▶ **Records supplied**:

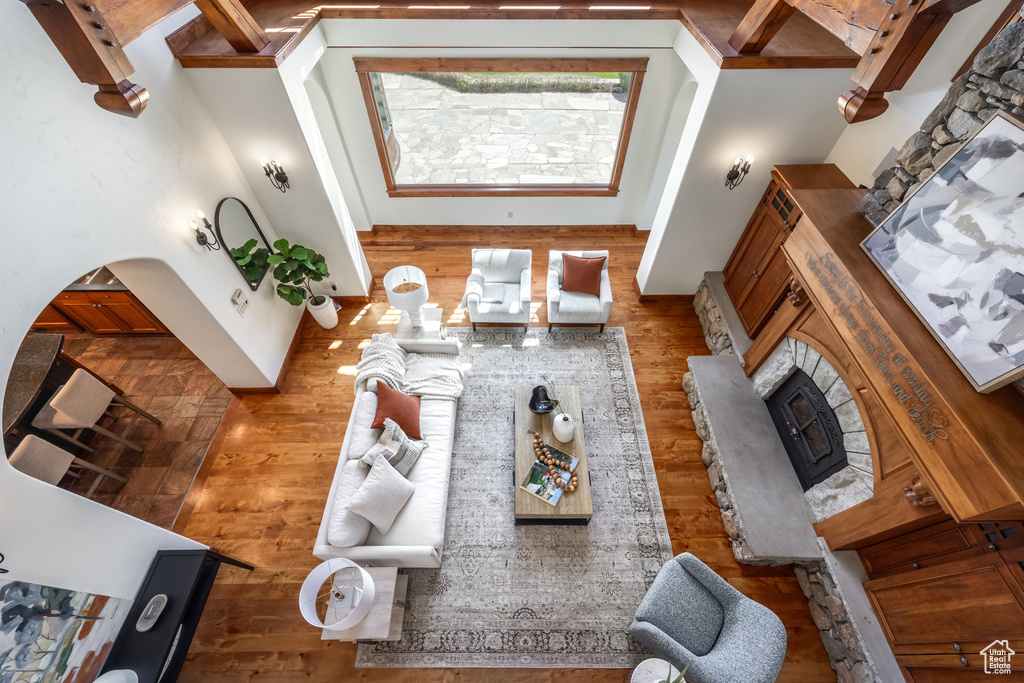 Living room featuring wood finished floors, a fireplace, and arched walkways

...

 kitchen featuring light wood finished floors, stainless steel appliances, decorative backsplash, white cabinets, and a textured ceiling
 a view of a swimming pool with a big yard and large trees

...

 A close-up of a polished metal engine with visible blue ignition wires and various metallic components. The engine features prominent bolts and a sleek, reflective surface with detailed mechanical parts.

▶ **What the task requires**: Check each line of the data above, and please copy the ones in which the string "with" occurs.

▶ **Solution to the exercise**:
 a view of a swimming pool with a big yard and large trees
 A close-up of a polished metal engine with visible blue ignition wires and various metallic components. The engine features prominent bolts and a sleek, reflective surface with detailed mechanical parts.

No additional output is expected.